> **MATERIAL PROVIDED**
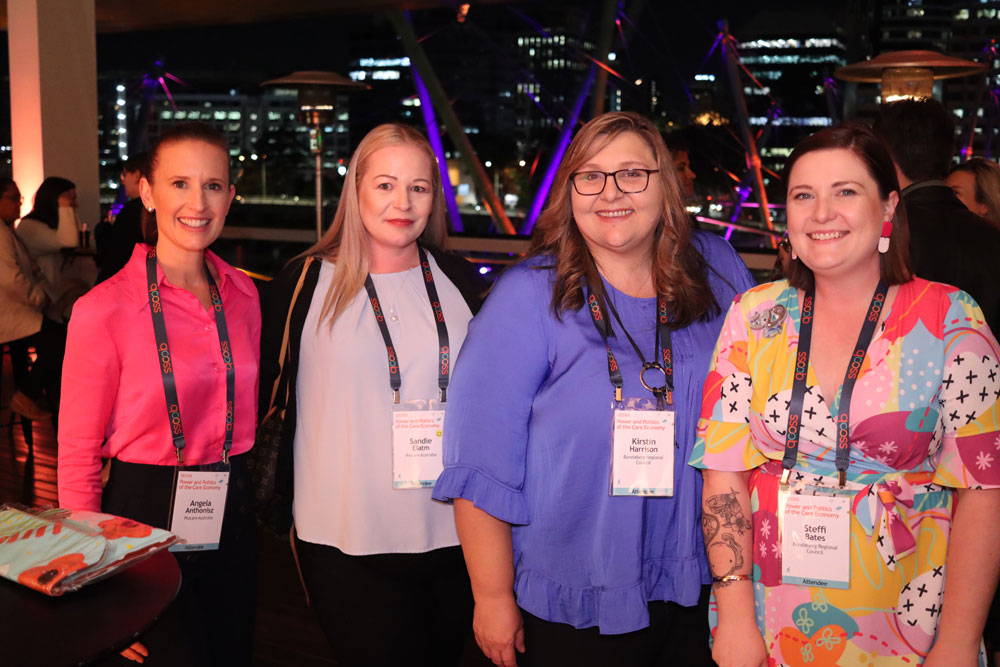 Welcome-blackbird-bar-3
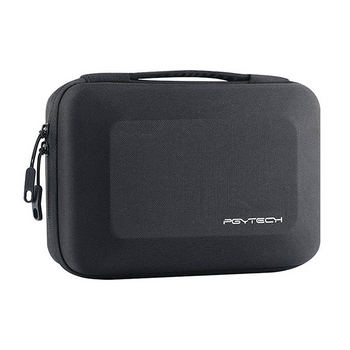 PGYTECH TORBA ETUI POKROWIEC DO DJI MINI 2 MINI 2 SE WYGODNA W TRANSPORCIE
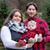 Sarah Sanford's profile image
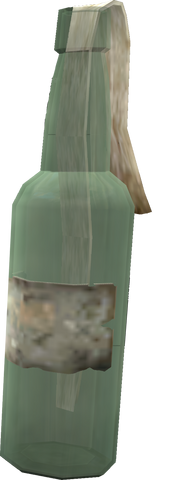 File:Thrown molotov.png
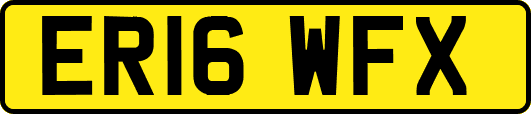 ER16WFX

==

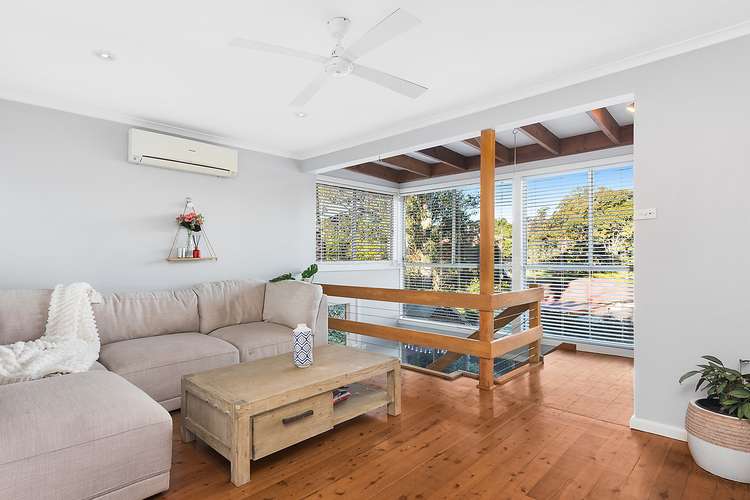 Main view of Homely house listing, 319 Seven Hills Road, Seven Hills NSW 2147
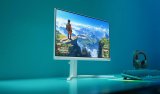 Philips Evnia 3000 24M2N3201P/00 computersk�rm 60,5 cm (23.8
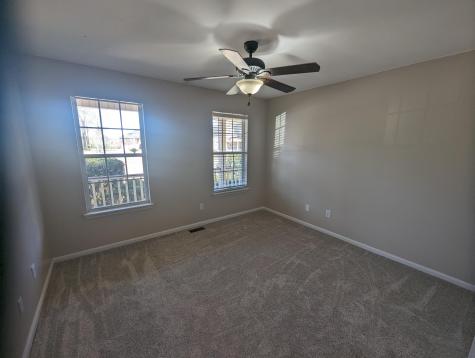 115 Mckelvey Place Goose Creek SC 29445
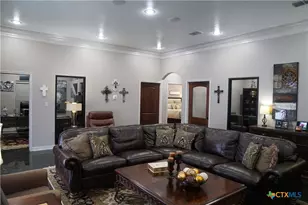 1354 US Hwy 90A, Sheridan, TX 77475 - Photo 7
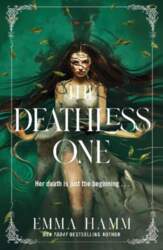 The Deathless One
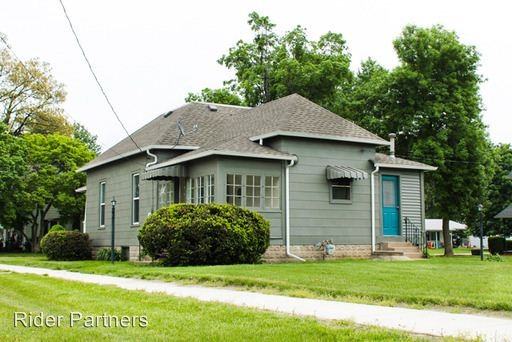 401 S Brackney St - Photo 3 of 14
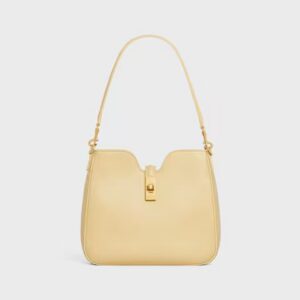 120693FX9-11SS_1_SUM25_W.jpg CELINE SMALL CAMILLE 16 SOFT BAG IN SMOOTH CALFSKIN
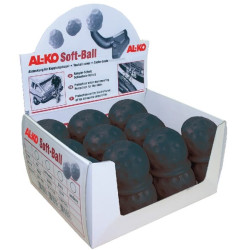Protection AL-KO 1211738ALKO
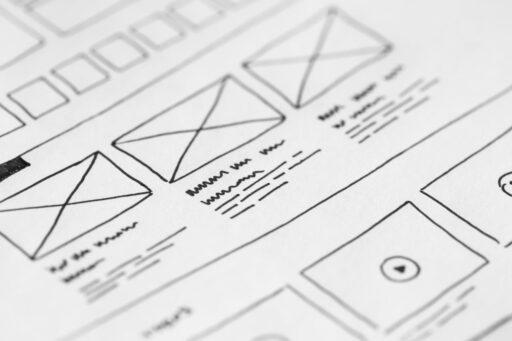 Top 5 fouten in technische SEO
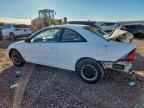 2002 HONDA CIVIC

> **TASK**
Copy nothing but the lines above that run from the one with "1354 US Hwy" to the one with "2002 HONDA CIVIC", ends included; pictures stay out.

> **TASK ANSWER**
 1354 US Hwy 90A, Sheridan, TX 77475 - Photo 7
 The Deathless One
 401 S Brackney St - Photo 3 of 14
 120693FX9-11SS_1_SUM25_W.jpg CELINE SMALL CAMILLE 16 SOFT BAG IN SMOOTH CALFSKIN
Protection AL-KO 1211738ALKO
 Top 5 fouten in technische SEO
 2002 HONDA CIVIC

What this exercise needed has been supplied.